No meu bairro já não há crianças. Ou melhor, contam-se pelos dedos de uma mão e aquelas que ainda por lá se veem vão, na maioria, visitar os avós.


Na minha altura, quando eu era uma criança, éramos mais de 20 e brincávamos livres pelo bairro. Só tínhamos a preocupação esporádica de nos desviarmos dos carros e das motas que passavam de longe a longe. Saltávamos à corda, aos elásticos , à mosca, jogávamos às escondidas - claro! - e futebol. Como eu era a mais velha, ia sempre para a baliza. Por um lado, não me cansava tanto (ainda hoje dispenso correr e prefiro caminhar em passo apressado) ; por outro, como era a mais alta, a minha equipa considerava-me sempre um elemento importante e era a primeira a ser escolhida. A minha mãe chamava-me e dizia que aquelas não eram brincadeiras para uma menina da minha idade. Devia ter uns 13 ou 14 anos e tinha a altura que tenho hoje em dia, mas a mesma vontade de brincar dos meus vizinhos e do meu irmão, que tem menos 3 anos que eu.


Como disse, éramos mais de 20 e hoje apenas 4 se mantêm no bairro. Curiosamente, todos estão solteiros e sem filhos. Os que se casaram, mudaram de bairro, de localidade - que é o meu caso - ou até de país. De muitos deles, nunca mais tive notícias, mas continuo a recordar com nostalgia as noites de verão nas quais não existia televisão nem nada que nos prendesse em casa depois de jantar. Durante o dia, o sol era abrasador e ninguém se atrevia a sair de casa. Sem haver necessidade de combinar a hora do reencontro, à noite juntávamo-nos todos para brincar e conversar. Às vezes, apareciam os adultos, alguns com instrumentos musicais - cavaquinho, viola, concertina e ferrinhos. Criava-se uma pequena orquestra e, então, nascia um festival popular improvisado em que todos cantávamos e dançávamos até o sono, ou a necessidade de ir dormir, falarem mais alto.

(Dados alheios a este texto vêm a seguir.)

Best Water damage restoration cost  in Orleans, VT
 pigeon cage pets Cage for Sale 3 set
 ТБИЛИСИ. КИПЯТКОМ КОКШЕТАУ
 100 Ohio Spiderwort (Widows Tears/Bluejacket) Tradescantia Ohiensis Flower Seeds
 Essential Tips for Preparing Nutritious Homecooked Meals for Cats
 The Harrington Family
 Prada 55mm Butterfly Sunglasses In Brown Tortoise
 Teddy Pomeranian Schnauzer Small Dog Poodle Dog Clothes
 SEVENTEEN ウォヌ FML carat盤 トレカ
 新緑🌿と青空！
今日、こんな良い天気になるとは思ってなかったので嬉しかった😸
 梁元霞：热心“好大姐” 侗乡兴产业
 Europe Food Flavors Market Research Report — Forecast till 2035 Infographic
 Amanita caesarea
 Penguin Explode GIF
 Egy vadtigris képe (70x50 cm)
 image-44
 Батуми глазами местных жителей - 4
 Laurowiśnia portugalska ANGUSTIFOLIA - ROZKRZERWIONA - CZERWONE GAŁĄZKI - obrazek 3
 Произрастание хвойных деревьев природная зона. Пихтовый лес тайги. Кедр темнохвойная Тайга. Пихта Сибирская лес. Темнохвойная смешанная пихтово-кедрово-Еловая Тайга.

Aguardávamos o resto do ano com ansiedade pelo verão e pelas noites longas e musicais; pelos jogos e brincadeiras; pelas conversas despreocupadas; pelas anedotas em catadupa que se transformavam num concurso para ver quem arrancava mais gargalhadas.


Uma vez, pegámos em mantas e cobertores para nos deitarmos à espera de uma chuva de estrelas anunciada na televisão. Mais do que a visão-relâmpago dos meteoritos que riscavam o céu, o importante era estarmos todos juntos, de barriga para o ar, a conversar. Depois dessa noite, eu e o irmão ainda chegámos a deitar-nos na varanda, muitas vezes, a olhar para o céu noturno numa altura em que a luz elétrica ainda não nos impedia de apreciar a abóbada celeste como hoje em dia. É uma linda lembrança que guardo - e acredito que ele também - da nossa infância.


Hoje quase todos temos filhos e levamo-los até ao bairro para visitarem os avós, mas eles nunca conhecerão a sensação de pertencer um grupo com mais de 20 crianças que se divertiam sem necessidade de jogar no tablet, no telemóvel ou no computador. Era assim que éramos felizes.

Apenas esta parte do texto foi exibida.